In [31]:
# import some needed libs
import torch
import torch.nn as nn
import torch.utils as utils
import os
from tqdm import tqdm
import os
from datetime import datetime
import pprint
import torchvision.transforms as transforms
from PIL import Image
import os
import logging
import numpy as np
import random

In [32]:
def create_logger(log_name, log_path, show_time=False):
    # create a logger
    logger = logging.getLogger(log_name)
    logger.setLevel(logging.INFO)
    logger.propagate = True
    # create a handler
    handler = logging.FileHandler(log_path)
    # create a formatter
    if show_time:
        formatter = logging.Formatter(fmt='%(asctime)s - %(message)s')
    else:
        formatter = logging.Formatter(fmt='%(message)s')
    # assemble them
    logger.addHandler(handler)
    handler.setFormatter(formatter)
    return logger

In [33]:
# set the random seeds
def same_seeds(seed): # 固定随机种子（CPU）
    torch.manual_seed(seed) # 固定随机种子（GPU)
    if torch.cuda.is_available():
        torch.cuda.manual_seed(seed) # 为当前GPU设置
        torch.cuda.manual_seed_all(seed)  # 为所有GPU设置
    np.random.seed(seed)  # 保证后续使用random函数时，产生固定的随机数
    torch.backends.cudnn.benchmark = False # GPU、网络结构固定，可设置为True
    torch.backends.cudnn.deterministic = True # 固定网络结构


# define the global seed
def all_seed(seed = 6666):
    """
    设置随机种子
    """
    np.random.seed(seed)
    random.seed(seed)
    # CPU
    torch.manual_seed(seed) 
    # GPU
    if torch.cuda.is_available():
        torch.cuda.manual_seed_all(seed)
        torch.cuda.manual_seed(seed) 
    # python 全局
    os.environ['PYTHONHASHSEED'] = str(seed) 
    # cudnn
    torch.backends.cudnn.deterministic = True
    torch.backends.cudnn.benchmark = False
    torch.backends.cudnn.enabled = False
    print(f'Set env random_seed = {seed}')

In [None]:
# data pre-procession
def read_images(imgs_dir_root, data_tag='training', resize_shape=128):
    '''
    ---
    PARAS
    ---
    imgs_path: str, the file storaged the images
    data_tag: str, 'training', 'test', 'validation'

    ---
    RETURN
    --- 
    return a torch array that storages the images data

    '''
    imgs_dir_root = os.path.join(imgs_dir_root, data_tag)
    test_tfm = transforms.Compose([
        transforms.Resize((resize_shape, resize_shape)),
        transforms.ToTensor(),
    ])

    train_tfm = transforms.Compose([
        transforms.Resize((resize_shape, resize_shape)),
        # AutoAugment: Learning Augmentation Strategies from Data "<https://arxiv.org/pdf/1805.09501.pdf>"
        transforms.AutoAugment(transforms.AutoAugmentPolicy.IMAGENET),
        transforms.ToTensor(),
    ])

    images_list, labels_list, nimages_list = None, None, None
    if data_tag == 'training' or data_tag == 'validation':
        nimages_list = os.listdir(imgs_dir_root)
        # need a shuffle to the nimages_list
        labels_list = [int(nimage.split('_')[0]) for nimage in nimages_list]
        images_list = [train_tfm(Image.open(os.path.join(imgs_dir_root, nfile))) 
                      for nfile in nimages_list]

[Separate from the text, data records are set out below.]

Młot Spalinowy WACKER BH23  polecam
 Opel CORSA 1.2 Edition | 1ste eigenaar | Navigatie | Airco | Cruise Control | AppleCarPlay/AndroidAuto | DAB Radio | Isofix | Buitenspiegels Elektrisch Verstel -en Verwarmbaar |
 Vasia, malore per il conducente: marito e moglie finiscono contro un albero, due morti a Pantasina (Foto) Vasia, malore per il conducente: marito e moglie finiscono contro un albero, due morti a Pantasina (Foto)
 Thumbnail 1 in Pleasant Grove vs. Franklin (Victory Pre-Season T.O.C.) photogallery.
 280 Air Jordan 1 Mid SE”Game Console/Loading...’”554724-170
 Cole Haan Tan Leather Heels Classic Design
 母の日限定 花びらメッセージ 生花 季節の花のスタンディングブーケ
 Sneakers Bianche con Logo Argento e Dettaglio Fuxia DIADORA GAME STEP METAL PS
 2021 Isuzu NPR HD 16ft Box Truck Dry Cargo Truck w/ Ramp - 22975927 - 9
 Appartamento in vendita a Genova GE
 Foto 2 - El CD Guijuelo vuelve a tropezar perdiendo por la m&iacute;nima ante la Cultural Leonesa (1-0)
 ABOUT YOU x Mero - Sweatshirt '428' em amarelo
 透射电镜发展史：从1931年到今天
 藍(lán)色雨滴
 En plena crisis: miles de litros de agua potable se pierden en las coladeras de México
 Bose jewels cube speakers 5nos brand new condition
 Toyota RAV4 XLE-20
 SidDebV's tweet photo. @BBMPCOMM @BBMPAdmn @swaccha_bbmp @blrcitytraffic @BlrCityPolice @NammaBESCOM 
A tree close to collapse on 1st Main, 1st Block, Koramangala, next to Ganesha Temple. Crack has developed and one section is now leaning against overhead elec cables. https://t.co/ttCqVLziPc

    elif data_tag == 'test':
        nimages_list = os.listdir(imgs_dir_root)
        images_list = [test_tfm(Image.open(os.path.join(imgs_dir_root, nfile))) 
                      for nfile in nimages_list]
        labels_list = None

    return images_list, labels_list, nimages_list

In [35]:
class Food_Dataset(utils.data.Dataset):
    def __init__(self, images_list, labels_list=None):
        super(Food_Dataset, self).__init__()
        self.images = images_list
        self.labels = labels_list

    def __len__(self):
        if self.labels is not None:
            return (len(self.images) == len(self.labels)) * len(self.images)
        return len(self.images)
    
    def __getitem__(self, index):
        if self.labels is not None:
            return self.images[index], self.labels[index]
        return self.images[index]

In [None]:
class BaseNet(nn.Module):
    def __init__(self):
        super(BaseNet, self).__init__()
        # input [3, 128, 128]
        self.cnn = nn.Sequential(
            nn.Conv2d(3, 64, 3, 1, 1),  # [64, 128, 128]
            nn.BatchNorm2d(64),
            nn.ReLU(),
            nn.MaxPool2d(2, 2, 0),      # [64, 64, 64]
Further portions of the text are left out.